The reason can be summed up in four short words: “It’s not that simple.” It never is.

It’s such a tempting argument to make, because changing one strikeout to a walk is worth something like half a run, and if you can do that a grand total of once each year for each guy in the lineup, the net benefit is half a win. And signing up everyone on the team for the Coffee of the Month club costs only $19.95 a month. All it takes to justify that expense is a quick explanation of how the coffee will give everyone on the team a little extra focus, and that once in a while, it will allow them to be sharp enough to avoid swinging at ball four on a 3-2 pitch.

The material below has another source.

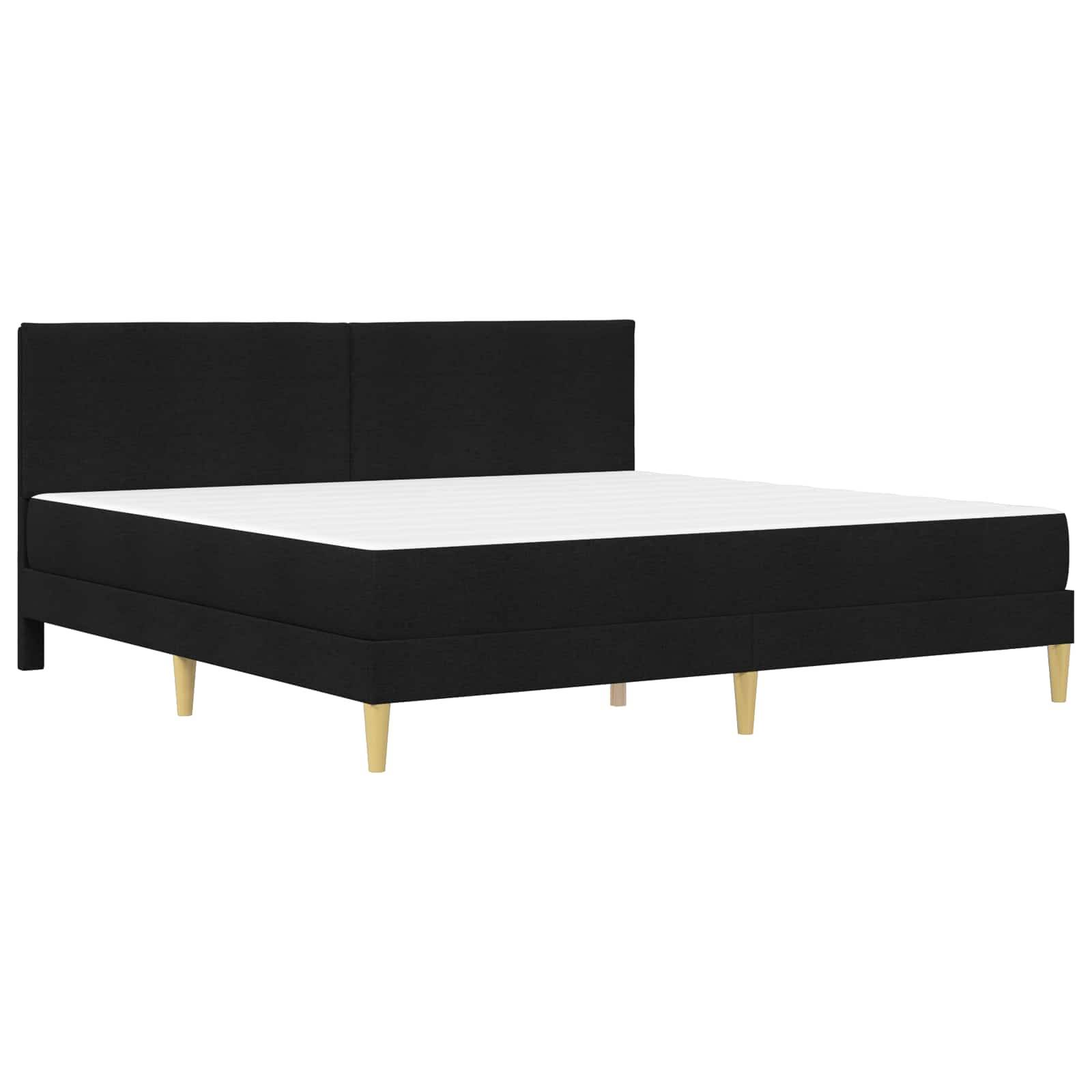 vidaXL Bettgestell mit Matratze Schwarz 180 x 200 cm Stoff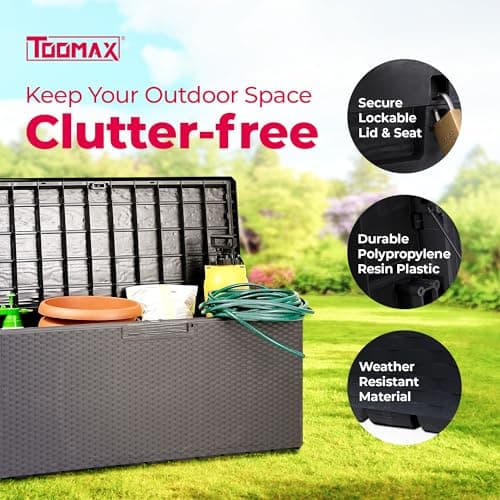 Toomax Portofino Large 90 Gallon Plastic Outdoor Storage Backyard Deck Box, with Lockable Lid, Seat Weight Capacity 450 Pounds, Gray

It’s entirely possible that some of the ideas that have been floated out there really would be cheap ways to make teams better, and substantially enough that they would be worth the cost. But a simple model of anything often ends up being overly simple. As a vehicle for illustration, allow me to review one of the most harebrained proposals of all, which has the added benefit of being one of my own. I wrote about it a few months ago, suggesting that teams should, instead of providing starvation wages (sometimes literally) in the form of per diem to minor leaguers, they should instead invest (i.e., spend a lot more money) on providing full catered meals to their players at all levels of the minors, both at home and on the road. I call it the “Food for Kids” program.

Let’s examine “Food for Kids” with a more critical eye, examining of the issues that have to be overcome after we’ve had the crazy, yet brilliant idea.

That’s a lot of money…
In my original piece, I suggested that the cost of providing catered meals over the course of a year would be something on the order of $1.3 million per year. The exact number isn’t as important as the order of magnitude. It would be something around a million dollars. Believe it or not, even in baseball a million dollars is still a lot of money. Yes, I know that a million dollars buys you a 32-year-old utility infielder who hits .250 with barely passable defense (if you’re lucky) and that even the low-budget teams carry payrolls around 80 million.

I once had a conversation with my brother, who has a master’s degree in finance and put things in a different light. He pointed out that the business model of a baseball team (and a sports franchise in general) is awful. The large majority of your input costs (player salaries) are set in advance and are “hard” costs. You can release a player if he doesn’t perform, but you still owe him his salary until the end of the contract.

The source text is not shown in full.